Look in the data below for the line that has "Buchcover Praktische Röntgendiagnostik", then print exactly every line from there through the line that has "Fungal Infection कय", leaving pictures out.

>>

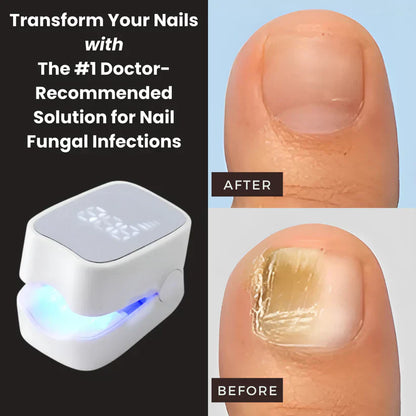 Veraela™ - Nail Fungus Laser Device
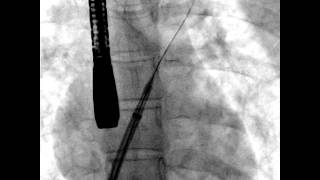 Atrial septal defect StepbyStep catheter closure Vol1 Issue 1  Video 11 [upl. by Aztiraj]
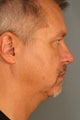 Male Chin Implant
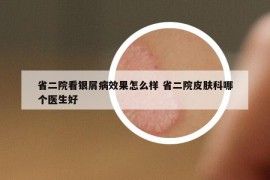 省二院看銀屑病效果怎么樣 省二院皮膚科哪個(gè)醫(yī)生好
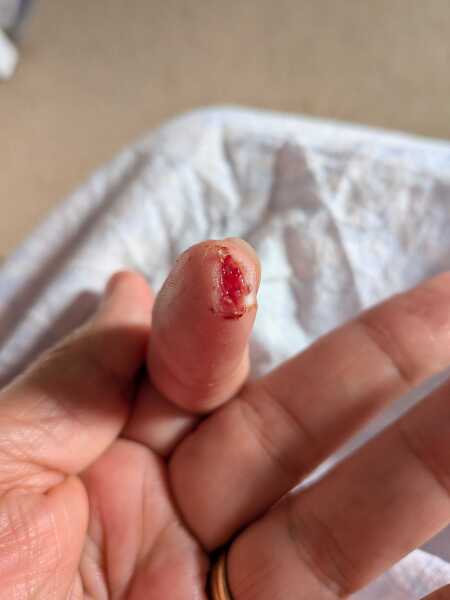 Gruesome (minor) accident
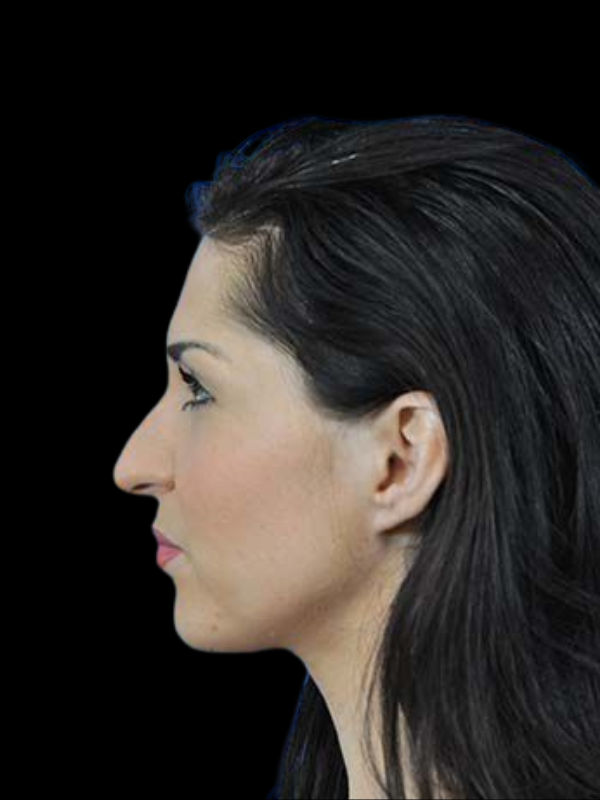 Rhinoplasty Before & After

<<
>>

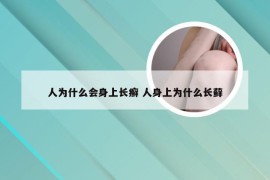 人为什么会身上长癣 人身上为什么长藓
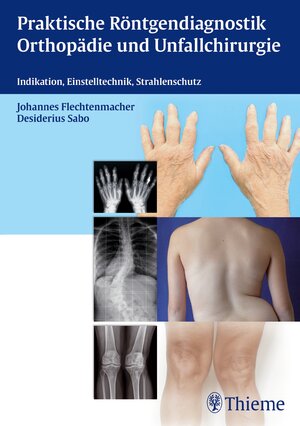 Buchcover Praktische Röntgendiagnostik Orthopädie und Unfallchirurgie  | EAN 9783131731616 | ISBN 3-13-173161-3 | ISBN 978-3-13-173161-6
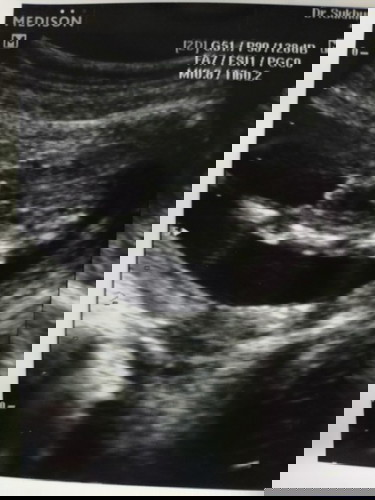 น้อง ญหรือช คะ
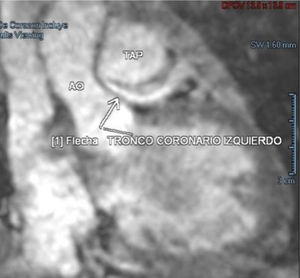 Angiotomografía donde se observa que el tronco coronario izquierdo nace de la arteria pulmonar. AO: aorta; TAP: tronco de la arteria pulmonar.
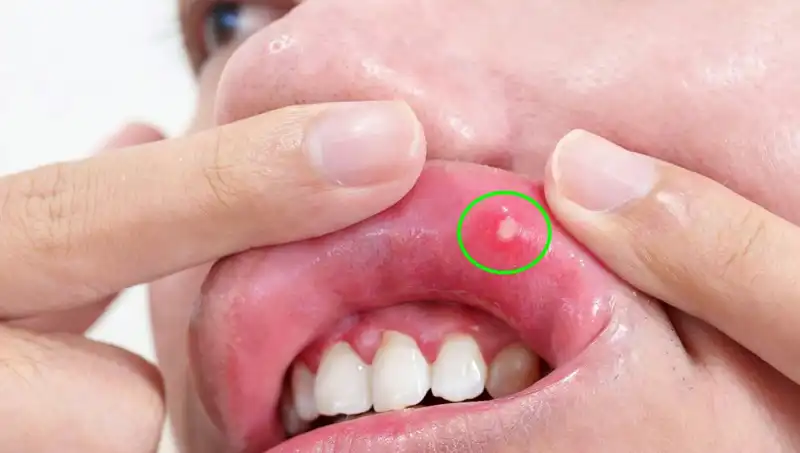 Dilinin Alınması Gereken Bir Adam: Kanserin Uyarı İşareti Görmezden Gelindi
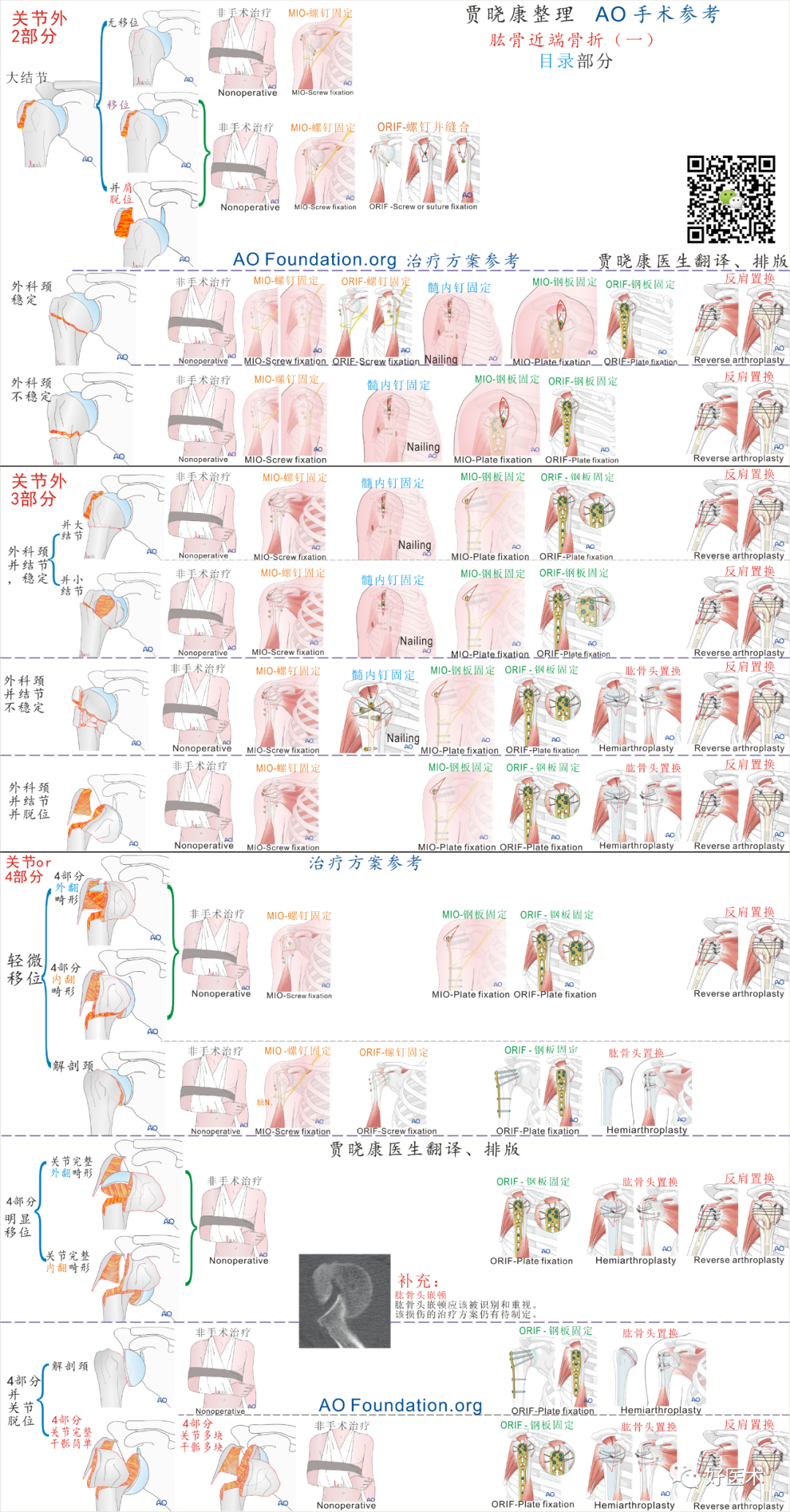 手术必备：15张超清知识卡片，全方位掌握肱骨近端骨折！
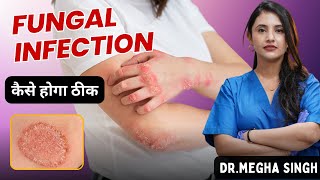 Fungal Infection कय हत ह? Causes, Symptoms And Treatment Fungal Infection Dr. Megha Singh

<<
>>

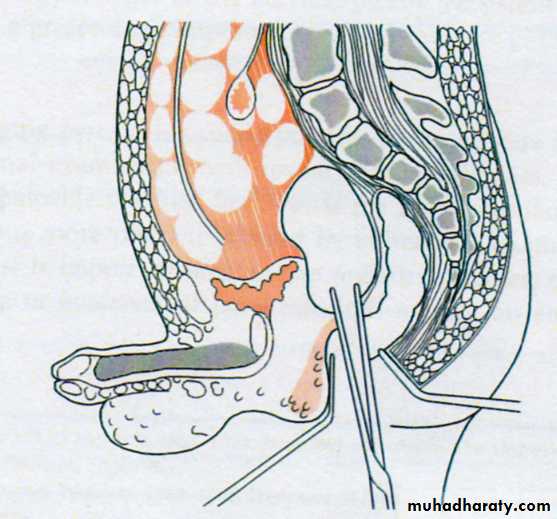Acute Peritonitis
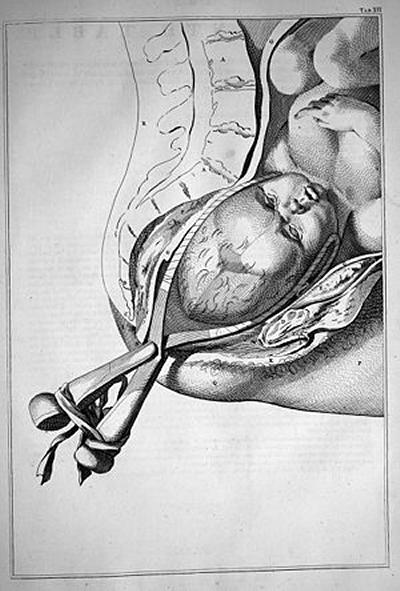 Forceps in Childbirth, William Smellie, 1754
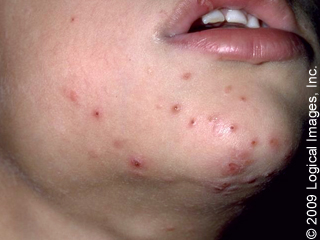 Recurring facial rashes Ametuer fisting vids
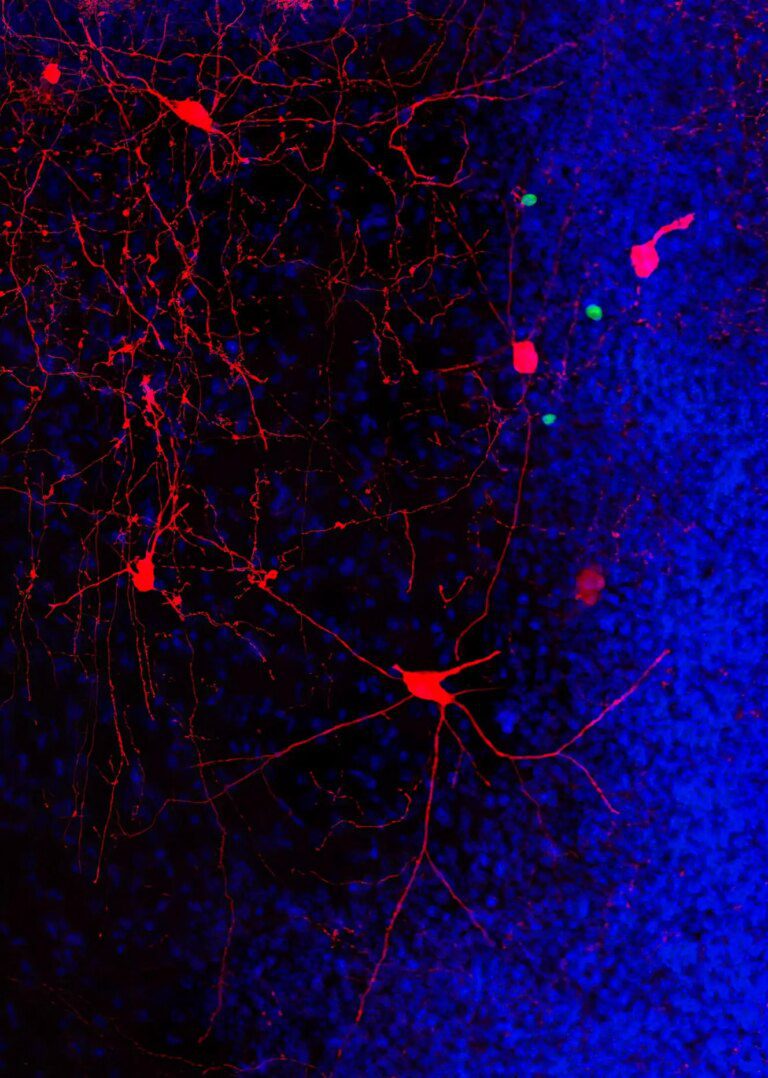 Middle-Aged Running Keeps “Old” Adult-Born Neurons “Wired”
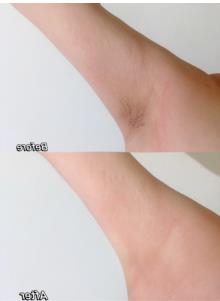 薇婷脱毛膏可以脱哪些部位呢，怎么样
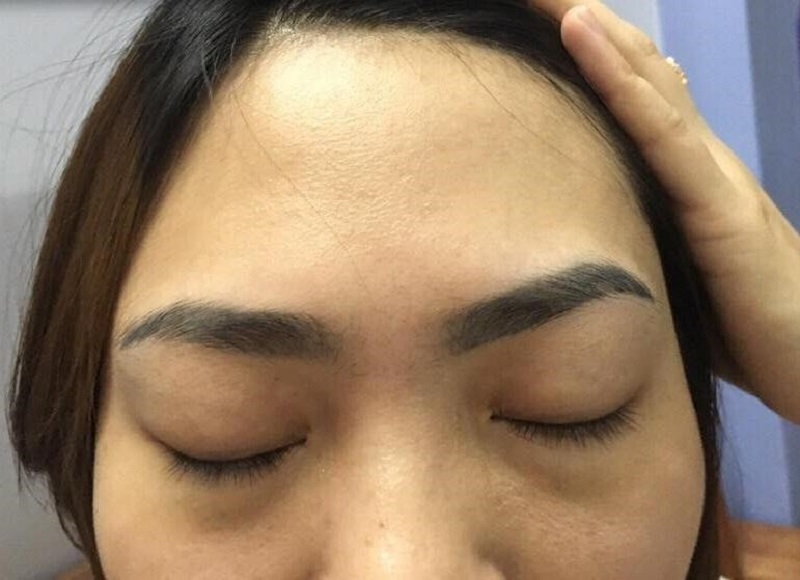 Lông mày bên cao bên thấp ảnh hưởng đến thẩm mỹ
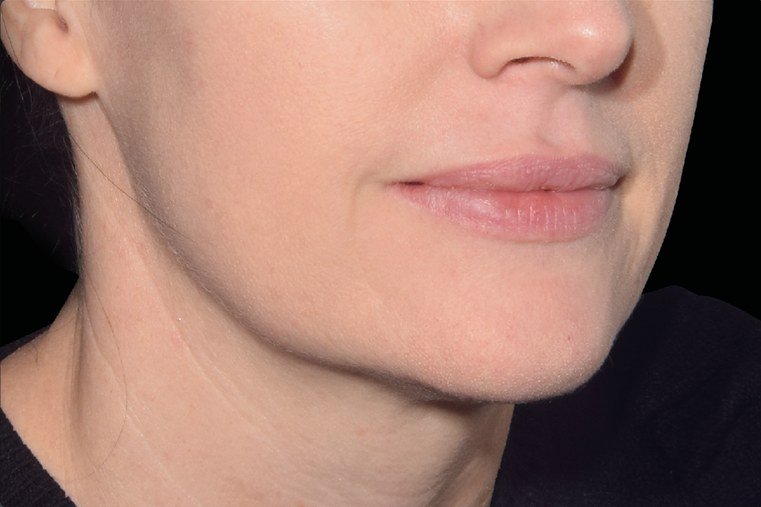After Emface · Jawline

<<

Exercise answer:
 Buchcover Praktische Röntgendiagnostik Orthopädie und Unfallchirurgie  | EAN 9783131731616 | ISBN 3-13-173161-3 | ISBN 978-3-13-173161-6
 น้อง ญหรือช คะ
 Angiotomografía donde se observa que el tronco coronario izquierdo nace de la arteria pulmonar. AO: aorta; TAP: tronco de la arteria pulmonar.
 Dilinin Alınması Gereken Bir Adam: Kanserin Uyarı İşareti Görmezden Gelindi
 手术必备：15张超清知识卡片，全方位掌握肱骨近端骨折！
 Fungal Infection कय हत ह? Causes, Symptoms And Treatment Fungal Infection Dr. Megha Singh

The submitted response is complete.